• _Task goal_: Print each line exactly, from the one with "Swami Vivekananda In" to the very last line of the listing, and keep the pictures out.

• _Provided records_:
• • • •

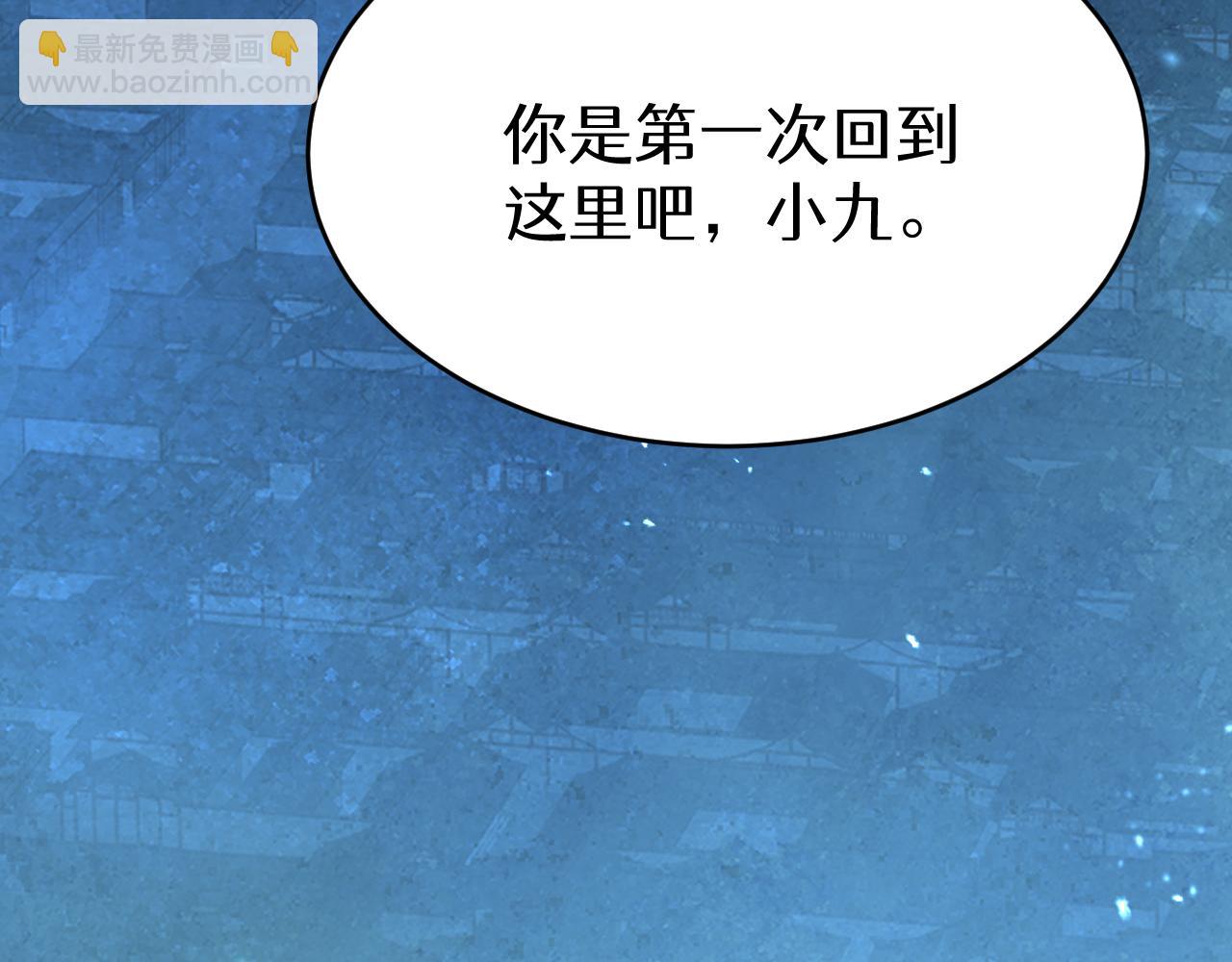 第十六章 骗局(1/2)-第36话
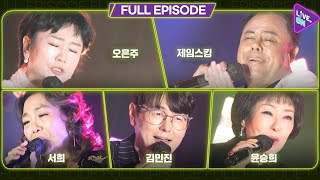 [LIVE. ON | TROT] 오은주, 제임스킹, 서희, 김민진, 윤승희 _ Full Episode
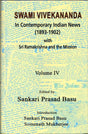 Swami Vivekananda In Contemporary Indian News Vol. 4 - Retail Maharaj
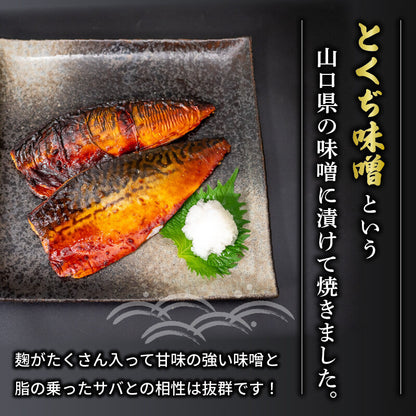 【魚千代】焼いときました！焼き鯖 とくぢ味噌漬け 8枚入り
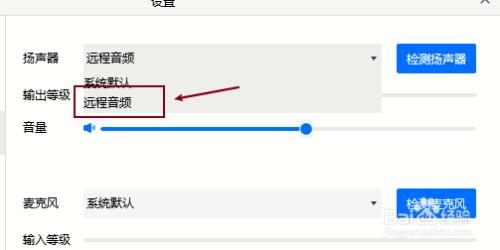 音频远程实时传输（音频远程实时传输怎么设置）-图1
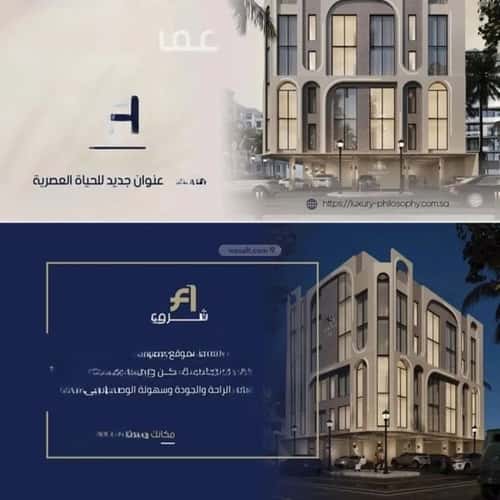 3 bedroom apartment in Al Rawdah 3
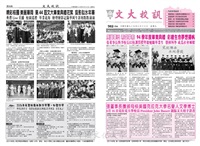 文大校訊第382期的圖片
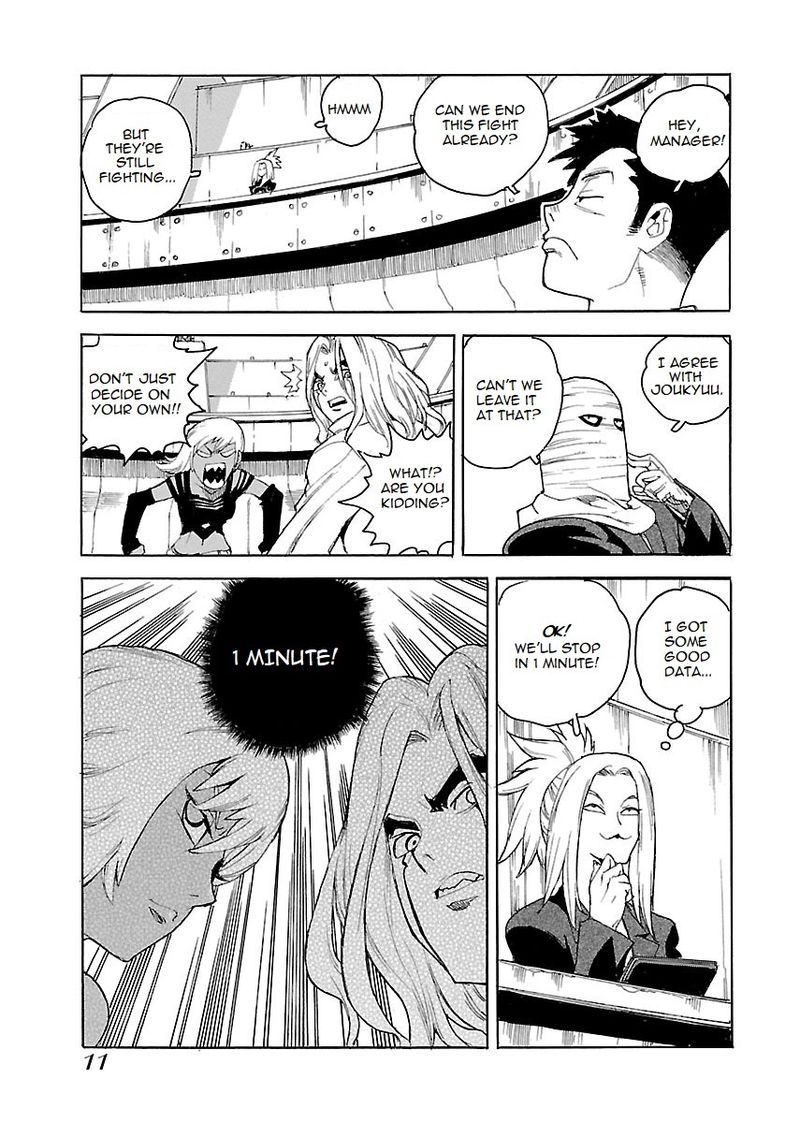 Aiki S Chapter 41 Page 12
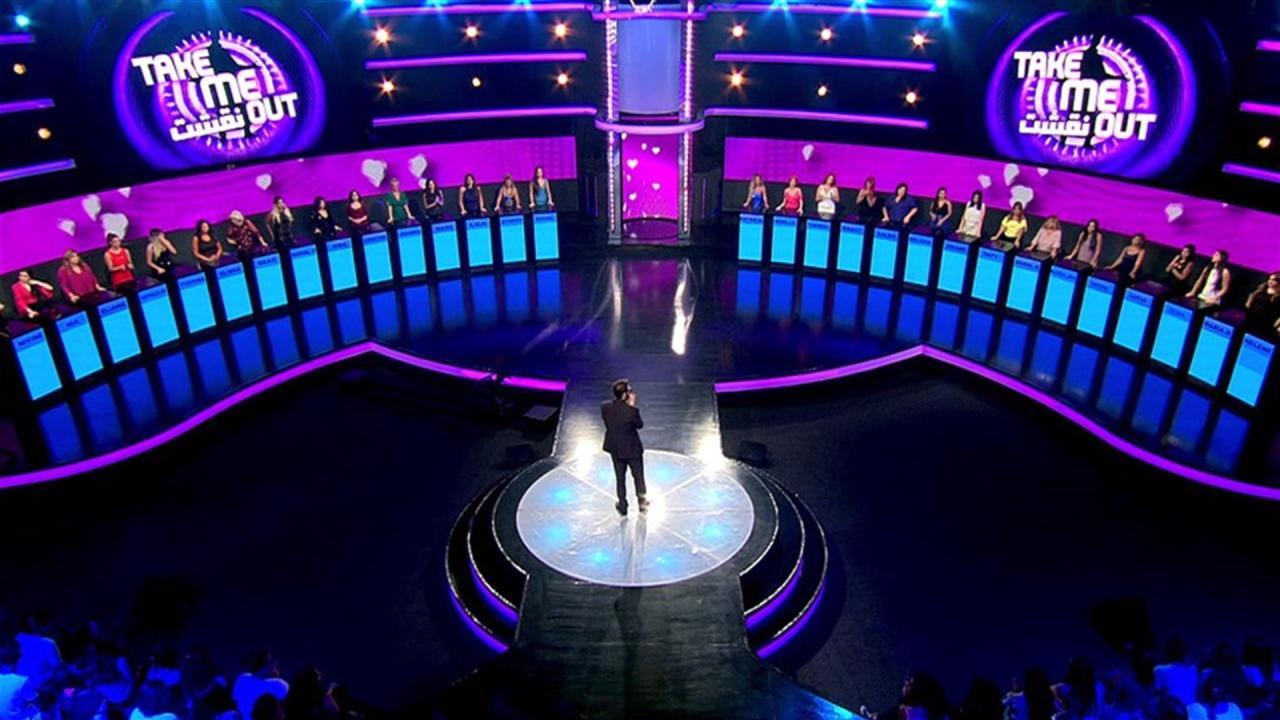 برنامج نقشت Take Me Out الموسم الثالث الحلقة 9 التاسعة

• • • •

• _Response to this exercise_:
 Swami Vivekananda In Contemporary Indian News Vol. 4 - Retail Maharaj
 【魚千代】焼いときました！焼き鯖 とくぢ味噌漬け 8枚入り
 音频远程实时传输（音频远程实时传输怎么设置）-图1
 3 bedroom apartment in Al Rawdah 3
 文大校訊第382期的圖片
 Aiki S Chapter 41 Page 12
 برنامج نقشت Take Me Out الموسم الثالث الحلقة 9 التاسعة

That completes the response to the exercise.